Naquele momento, em 1994, diante de tantas possibilidades e com tantos mais elementos estruturadores para além do discurso de reformulação das forças de produção da cidade, a questão se perdeu na intolerância dos movimentos sem a reflexão necessária sobre a real ausência de adesão pública, sobre as responsabilidades governamentais, suas âncoras partidárias e suas manobras de campanha.
Para Calazans, ficou mais uma vez a fragilidade da ambição revolucionária pela ausência de um exército mais amplo e capacitado para discutir as relações do país e as implicações do valor da consciência estética, tomada como estrutura fundamental das forças reativas em nome das ambições éticas e das mudanças necessárias. O contrato foi gradualmente esvaziado. Sobre as rupturas, não nos cabe discutir, até mesmo porque não teríamos possibilidades e nem elementos para tanto.
Ainda assim, sua contribuição é concreta. Viva e transcendente, capaz de apaixonar gerações pela totalidade de sua obra e pelas peculiaridades de cada gesto representado arduamente em cada resposta obtida.

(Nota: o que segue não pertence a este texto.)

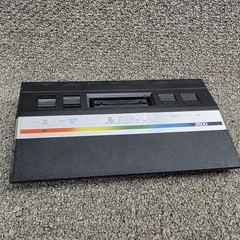 Atari 2600 JR Rainbow Console only ( Untested )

Todo o trabalho de uma vida revela, embora esconda duas pontas contundentes: a síntese como resultado incansável consagrando longo processo ritual de busca obstinada, com dor e sofrimento, levando até as últimas consequências às descobertas do que cada projeto poderia conter de mais forte em seu íntimo; e a ideia de que a vida traduz-se como produto único, somatória de todos os fatos e objetos entrelaçados em sólida tessitura, uma só obra condensada, encadeada pelas passagens de cada desafio, reflexiva e oscilante, desdobrada das determinações escolhidas e das circunstâncias surpreendentes.
notas
NA – O arquiteto e urbanista Claudio Manetti, autor do presente artigo, é coautor do Projeto Paranapanema e agradece no texto a Carlos Alberto Barbosa, Marcelo Colaiacovo, Mariana Calazans e Renata Alves de Souza.

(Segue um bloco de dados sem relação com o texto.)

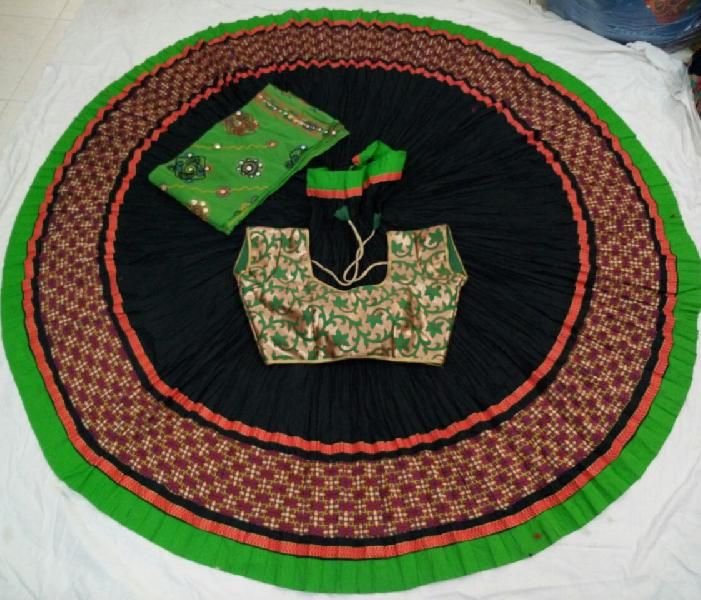 SW CC14 Chaniya Choli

NE – O presente artigo é a segunda e última parte do artigo. A primeira parte está disponível em: MANETTI, Claudio; SILVA, Jonathas Magalhães Pereira da. José Calazans: arquitetura, dialética e projeto. Parte 1 – turbulência. Arquitextos, São Paulo, ano 16, n. 186.03, Vitruvius, nov. 2015 <www.vitruvius.com.br/revistas/read/arquitextos/16.186/5838>.
1
Ainda que possa haver alguma analogia ou derivação do termo Cidade Total com a GESAMTKUNSTWERK, (obra de arte completa ou total), teoria proposta pelo compositor alemão Richard Wagner (1813-1883), desconheço tal derivação ou proximidade conceitual desse pensamento em Calazans, ainda que com relativa semelhança pela busca de uma totalidade da arte considerando as integridades e suas peculiaridades.
2
TAKIYA, André, BAROSSI Antonio Carlos (cur.). José Calazans; Croqui de Uma Vida: a habitação e a cidade a cidade e a habitação. São Paulo, FAU USP, 2010, p. 240.
3
Idem, ibidem.
4
Calazans costumava relacionar seus projetos habitacionais multifamiliares a castelos e palácios populares.
5
TAKIYA, André, BAROSSI Antonio Carlos (cur.). Op. cit., p. 240.
6
Idem, ibidem,
sobre os autores
Claudio Manetti é Arquiteto e Urbanista. Doutorando no Programa de Pós-Graduação em Urbanismo (POSURB PUC-Campinas) e Profo da FAU PUC-Campinas e Univ. Anhembi-Morumbi. Atuação: CDH Programa de Favelas (1985/1987), SEHAB/HABI Programa de Cortiços (1989/1992); Diretor de Planejamento/ SMDU PMS (1993); Secretaria de Meio Ambiente (1996/2000); Operações Urbanas/Meio Ambiente EMURB/PMSP (2001 – 2005/2008); CPTM (2009).
Jonathas Magalhaes Pereira da Silva é Arquiteto Urbanista. Profo Dr. da Pós-Graduação em Urbanismo (POSURB PUC-Campinas) e da FAU PUC-Campinas. Mestrado (1999) e Doutorado (2005) pela FAUUSP. Atua como consultor na MPS associados: coordenação técnica do Plano Sócio Espacial da Rocinha RJ; coordenação de 11 planos participativos da região serrana do ES; projetos urbanos dos corredores de transporte em SP e na da Área Portuária do RJ.